Yemek gettoları!
Kitabın adı: "İstanbul"un En Güzel Alkolsüz Lokantaları."
Kitabın yazarı; Zaman Gazetesi"nin cuma ekinin gurme yazarı Salih Zengin.
Kitabı ve adını görünce önce nasıl bir tepki vereceğimi bilemedim. Çünkü dış sesim; "Ne var yani "En Güzel Alkollü Restoranlar" diye kitap yok mu" diyor ama iç sesim buna rağmen huzursuz bir şekilde uğulduyordu. Sanki ülke gibi ikiye bölünmüştüm. Bana ait olan iki ses, iki kimlik birbirinden öyle uzaktı ki.
İç sesim neden rahatsız oluyordu sanki! Ne yani, insanların inandığı gibi yaşamalarından, yemek yemelerinden daha doğal ne olabilirdi?
Ama sonra lisede okul müdürümüz de olan Din Kültürü ve Ahlak Bilgisi öğretmenimizin (kendisi İstanbul İl Milli Eğitim Müdürlüğü de yaptı) anlattığı bir anısı geldi. Ateist biri ile "farklı yaşam biçimlerinin birlikte yaşayabilmesi" üzerine yaptıkları bir sohbetti bu. Adam şöyle demişti, öğretmenimize; "Bir gün seni bara götürmek isterim." Öğretmenimiz de ona; "Tabii ki gelirim, bir şartla, sen de benimle cumaya gelirsen..."
İlk bakışta ne kadar eşitlikçi ve empati içeren bir yaklaşım değil mi?
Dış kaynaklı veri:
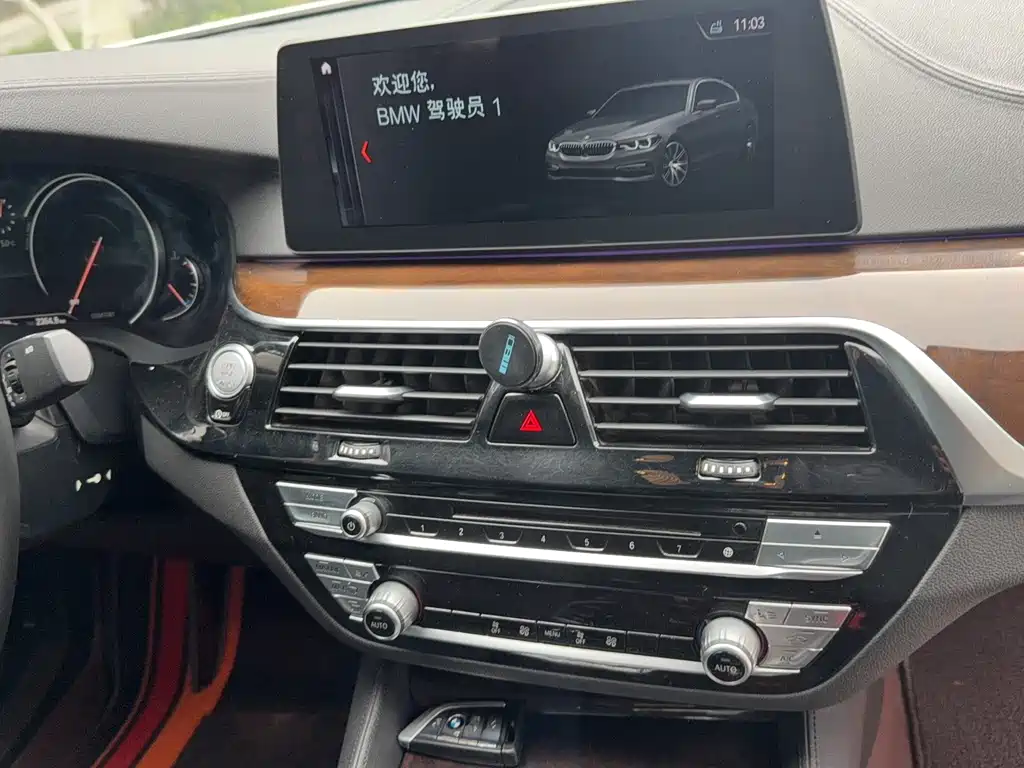 BMW 5 Series — фото 14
Biz de öyle sanmıştık, taa ki öğretmenimiz o ateist kişi karşısında zekası ile övünene kadar. Şöyle diyordu: "Ben onunla bara giderim ne var ki, çünkü ben bara gitsem de içmeyebilirim ama o benimle cumaya gelince namaz kılmak zorunda. Ne yani herkes secdeye varırken ayakta mı duracak!"
Bu anımı hatırlayınca anladım, "İstanbul"un En Güzel Alkolsüz Loktantaları" kitabının adının neden iç sesimi allak bullak ettiğini. Çünkü söz konusu; "En güzel alkollü mekanlar" gibi insana seçme şansı sunan bir kitap ve bakış açısı değildi. Sanki Hayrettin Karaman"ın "gettolaşalım" önerisinin pratik önerisiydi.
Zaten kitabın basın bülteni de bunu doğruluyor ve şöyle diyordu: "İstanbul’un En Güzel Alkolsüz Lokantaları özellikle muhafazakâr kesim tarafından oldukça talep göreceğe benziyor. Çünkü insanların helal et, temizlik ve alkolsüz mekân konusunda hassasiyetlerine yanıt veriyor."
Ne yazık ki, bir umut diyerek okuduğum bu iki cümle iç sesimin endişesini gidermek yerine daha da haklı çıkardı. Çünkü hem "Bu kitap laik, modern kesime hitap etmez" diyerek Türkiye"yi, bizleri, lokantaları ve hatta kitapları ayrıştırıyor hem de "Bu kitapta adı olmayan lokantalardaki yemekler helal değildir" diyordu.
Yani bunca zaman dışarıda yemek yerken ya da ailemi, arkadaşlarımı yemeğe götürürken aslında günaha girmiş dahası onları da günaha sokmuştum. Açıkçası çok da incindim, içim ezildi. Birlikte yaşamak, aynı masaya oturmak bu kadar mı imkansız?
Oysa Türkiye"de yemek birleştiricidir. Bayram sofraları, kadınların günleri, pazar kahvaltıları, iftar yemekleri gibi. Sonra bizim sofralarımız görkemlidir, zengindir. Bunun nedeni sofralarımızı donatan, farklı coğrafyalarda, farklı iklimlerde yetişen sebze ve yiyeceklerin bir araya gelmesi ile oluşan o olağanüstü yemeklerimiz de değildir sadece.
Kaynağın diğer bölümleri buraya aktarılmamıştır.